Saudi King Salman praised US President Donald Trump for his “visionary” new strategy vis-a-vis Iran. The UAE followed suit. The US position was supported by Egypt, the most populous country in North Africa and the Arab world.
The division has come into the open. The US is shifting to those who oppose Iran to become the leader of the group. This stance makes Russia and Europe get closer to each other united by the goal to preserve the landmark security agreement.
Perhaps, further divisions are in store as the Iraqi government forces and the Iraqi Kurdistan Peshmerga militias clashed on October 16. The Iran-influenced People's Mobilization Forces (PMF), also known as the Popular Mobilization Units (PMU), appear to bear the brunt of the battle. Iran has taken a hostile stance towards the Iraqi Kurdistan striving for independence. If so, the other camp may back the Kurds directly or clandestinely. If the fighting is viewed along religious lines as a battle between Shia and Sunni Muslims, the US, Turkey and the Gulf states will have to make hard choices. The Shia-Sunni divide is likely to exacerbate in Iraq, bringing closer the possibility of split in three. After all, Iraq’s Sunnis have been worried that they would be dominated by the Shia population ever since the ouster of Saddam Hussein.
The independence of Iraqi Kurdistan is likely to inspire other Kurdish groups in the region which are seeking independence. Kurdish unrest inside Iran and Turkey is a real possibility. On October 16, Turkey said it is ready to cooperate fully with the central Iraqi government to end the presence of the outlawed Kurdish militant group PKK in Iraq. It brings it closer to Iran and makes Kurds-Turkey clashes in the northern part of Syria more likely. The fight for independence of their Iraqi brethren would likely encourage the Syrian Kurds to fight on for formal independence as well. In Syria, Israel may back the Kurds against the Iran-backed Shia formations. It is already waging an air war against the pro-Iranian Shia Hezbollah. This policy will be tacitly supported by Saudi Arabia and its Gulf allies. It will open a new front in Syria making the crisis management efforts undertaken so far go down the drain.
All of this puts the US-led coalition fighting Islamic State militants, and the United States in particular, in an uncomfortable position.

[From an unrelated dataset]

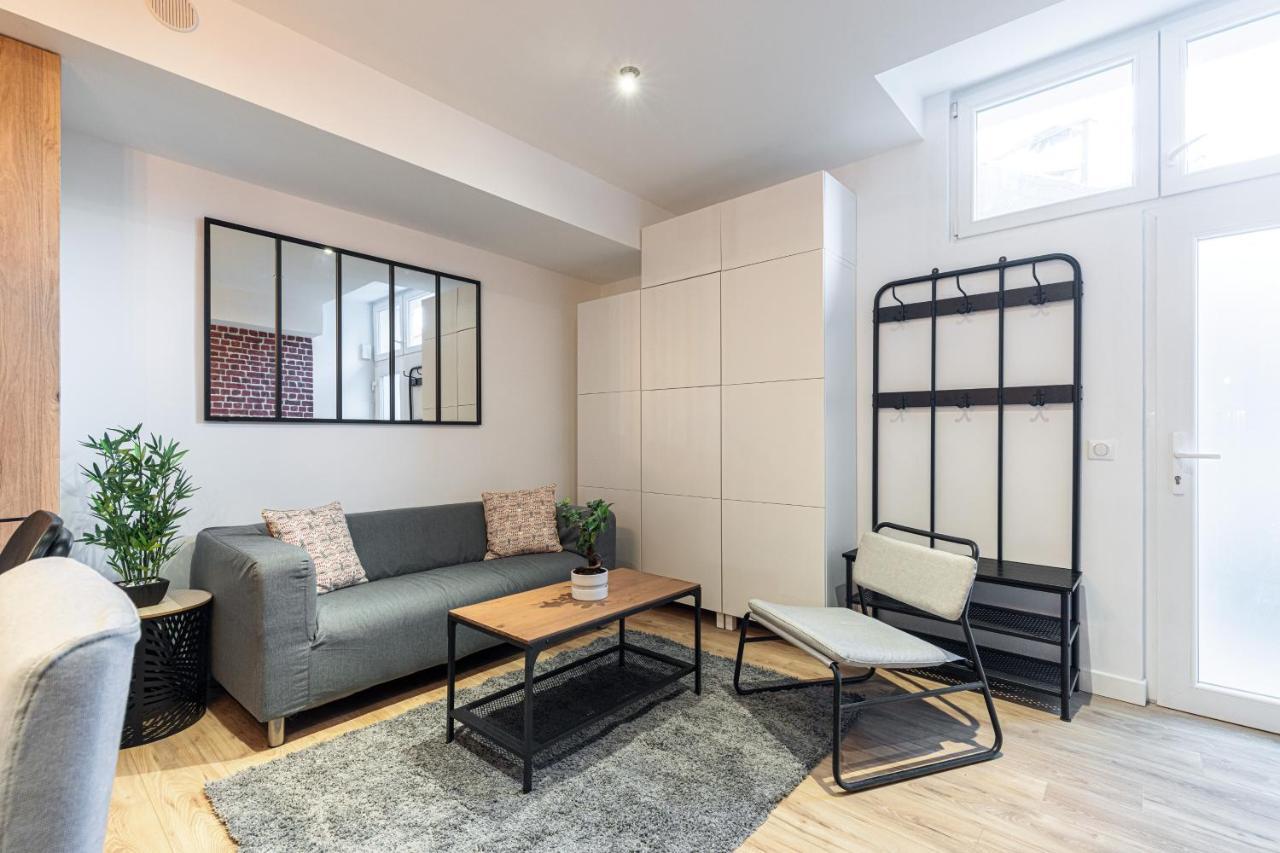 Le Loft Magnan - Ac- Pres Mer - Wifi - Parking - Confort Et Moderne - Supermarches Et Tram Proches Nice Exterior photo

Turkey and Iraq are allies, at least formally, but not supporting the Kurds might embolden the United States' opponents and give the appearance that the US government is unwilling to challenge Iran, which would be raise questions home and abroad. So, it all boils down to the US stance on Iran again.

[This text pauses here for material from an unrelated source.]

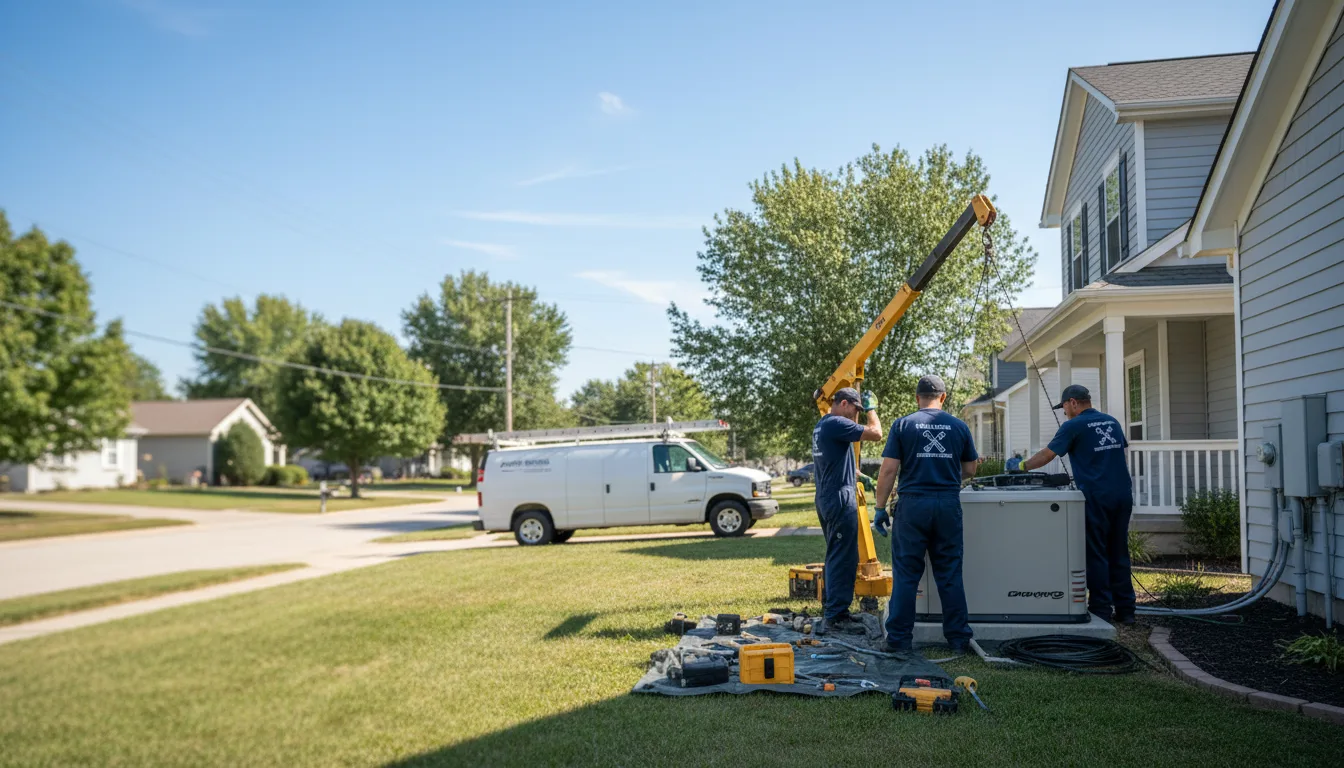 Generator Installation in Underwood, IA near me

If the fighting sparked in Iraqi Kurdistan is not stopped now and the US continues its efforts aimed at burying the Iran nuclear deal, the fallout will be dire. Any war or conflict is unpredictable, but this time it may rapidly spread making the countries involved take sides, even if it is done reluctantly. The farther it goes the worst it gets. Urgent diplomatic efforts are the only hope left to prevent the worst.